§ **Information supplied**
.....

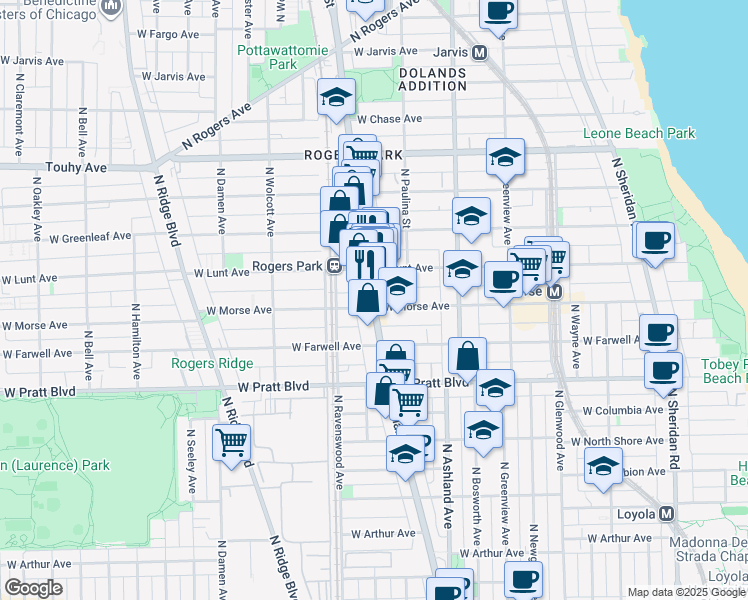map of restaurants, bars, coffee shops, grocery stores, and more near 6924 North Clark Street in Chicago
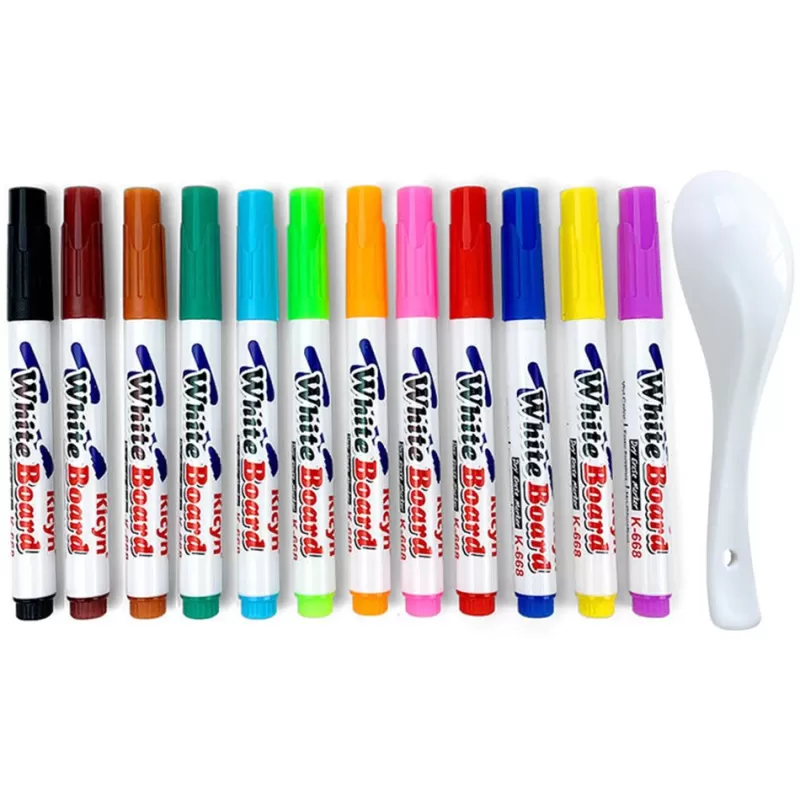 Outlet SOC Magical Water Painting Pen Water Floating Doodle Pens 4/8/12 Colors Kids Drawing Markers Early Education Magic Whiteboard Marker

.....

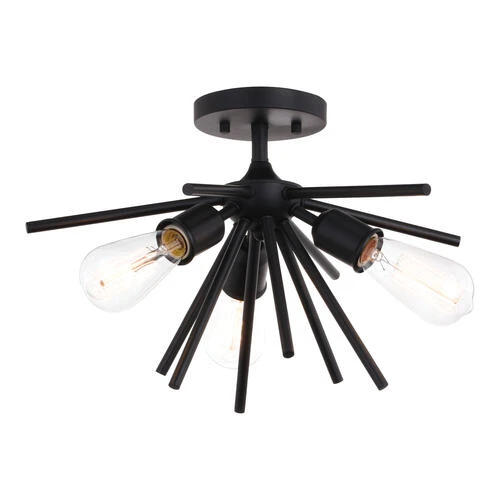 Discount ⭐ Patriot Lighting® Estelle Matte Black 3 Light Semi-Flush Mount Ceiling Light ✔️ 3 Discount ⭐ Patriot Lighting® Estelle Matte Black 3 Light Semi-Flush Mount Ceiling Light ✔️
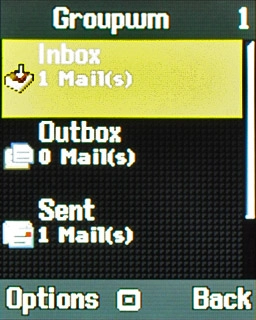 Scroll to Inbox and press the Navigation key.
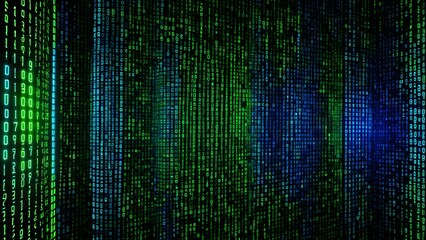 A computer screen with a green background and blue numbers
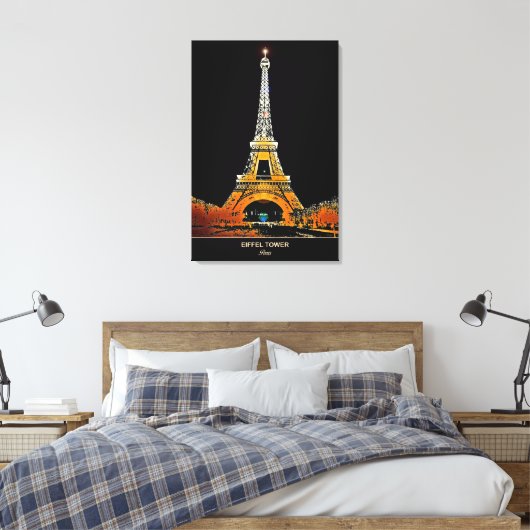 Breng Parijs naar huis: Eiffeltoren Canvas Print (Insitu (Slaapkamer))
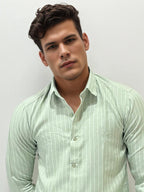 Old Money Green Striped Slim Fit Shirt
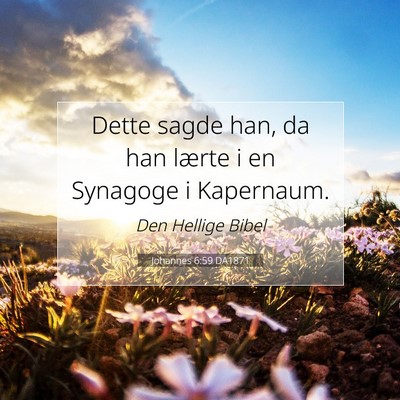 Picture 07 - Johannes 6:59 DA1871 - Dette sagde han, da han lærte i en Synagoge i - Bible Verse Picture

.....

§ **Task goal**
Would you copy, word for word, only the lines above from the one containing "Old Money Green Striped Slim Fit Shirt" through the one containing "Picture 07 - Johannes", both included, and please leave out the pictures?

§ **Response area**
 Old Money Green Striped Slim Fit Shirt
 Picture 07 - Johannes 6:59 DA1871 - Dette sagde han, da han lærte i en Synagoge i - Bible Verse Picture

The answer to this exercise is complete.